В своей книге о переводе и становлении современной русской литературы Брайан Бэр утверждает, что понятие перевода лежит в основе самоопределения России как многоязычной и многонациональной империи, в которой «имперские реалии порождали огромное множество билингвов и культуру, отмеченную гибридностью»264
. В силу того, что значительное число литераторов и писателей были вынуждены эмигрировать из России после большевистской революции, ХХ век стал особенно благоприятным временем для расцвета билингвизма и самоперевода в литературе.
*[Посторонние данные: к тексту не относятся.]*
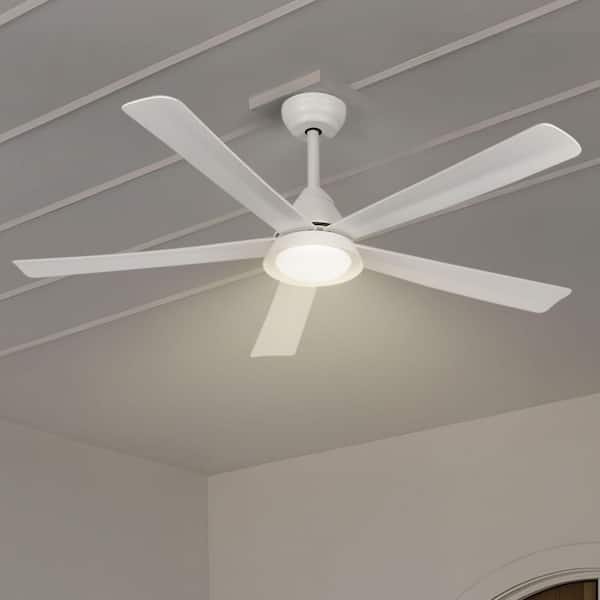 52 in. Smart Indoor Modern White Low Profile Propeller Flush Mount Ceiling Fan with Light Integrated LED with Remote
Цветаева и Набоков бежали из родной страны, имея за плечами опыт многоязычного воспитания в дореволюционной России. Они с детства владели тремя языками: Цветаева – русским, немецким и французским, а Набоков – русским, французским и английским. В отличие от них, Бродский рос обычным советским ребенком в моноязычной среде. Он выучил английский уже будучи взрослым и даже спустя десятилетия после переезда в США говорил с заметным акцентом. В критической литературе нерусскоязычные произведения этих трех авторов оцениваются совершенно по-разному. Если само имя Набокова стало почти синонимом блестящей смены языков, то Бродский считается великим русским поэтом, литературное творчество которого на английском языке было вторичным и несовершенным. Франкоязычные творения Цветаевой практически не удостоились внимания читателей или критиков. С чем это связано? Далее я рассмотрю пример каждого автора по отдельности и затем попытаюсь сделать некоторые обобщения.Важным этапом биографии Цветаевой было ее домашнее воспитание в многоязычной среде. Ее отец был русским, а мать – наполовину немкой, наполовину полькой, и Марина с раннего детства говорила на нескольких языках. В краткой автобиографии 1940 года она писала: «Первые языки: немецкий и русский, к семи годам – французский»265
. В детстве и юности она сочиняла стихи не только на русском, но и на немецком и французском266. Эти тексты, скорее всего, не сохранились, однако очевидно, что сама идея и практика стихотворчества на неродном языке были не чужды Цветаевой. Позже в переписке с Рильке летом 1926 года она дала философско-теоретическое обоснование транслингвальной поэзии. Так, 6 июля 1926 года она писала Рильке по-немецки:У Гёте где-то сказано, что на чужом языке нельзя создать ничего значительного, – я же всегда считала, что это неверно. […] Поэзия – уже перевод, с родного языка на чужой – будь то французский или немецкий – неважно. Для поэта нет родного языка. Писать стихи и значит перелагать [Dichten ist nachdichten]. Поэтому я не понимаю, когда говорят о французских, русских и прочих поэтах. Поэт может писать по-французски, но не быть французским поэтом. Смешно267
.Если, по Цветаевой, поэзия всегда есть перевод из мира духовного в мир материальный, то межъязыковые перемещения – переход с одного языка на другой – не представляют особой проблемы. Для нее поэзия, вопреки расхожему мнению, в принципе всегда поддается переводу. Эту мысль она высказывает и в письме, написанном по-французски в 1937 году французскому поэту Полю Валери:
Говорят, что Пушкина невозможно перевести. Почему? Любое стихотворение – это перевод духовного, чувств и мыслей в слова. Если кому-то удается делать это посредством передачи внутреннего мира с помощью внешних знаков (что бывает сродни чуду), то почему же невозможно выразить одну систему знаков через другую? Это гораздо проще: в переводе с одного языка на другой, материальное передается материальным, слово словом, что всегда возможно268
.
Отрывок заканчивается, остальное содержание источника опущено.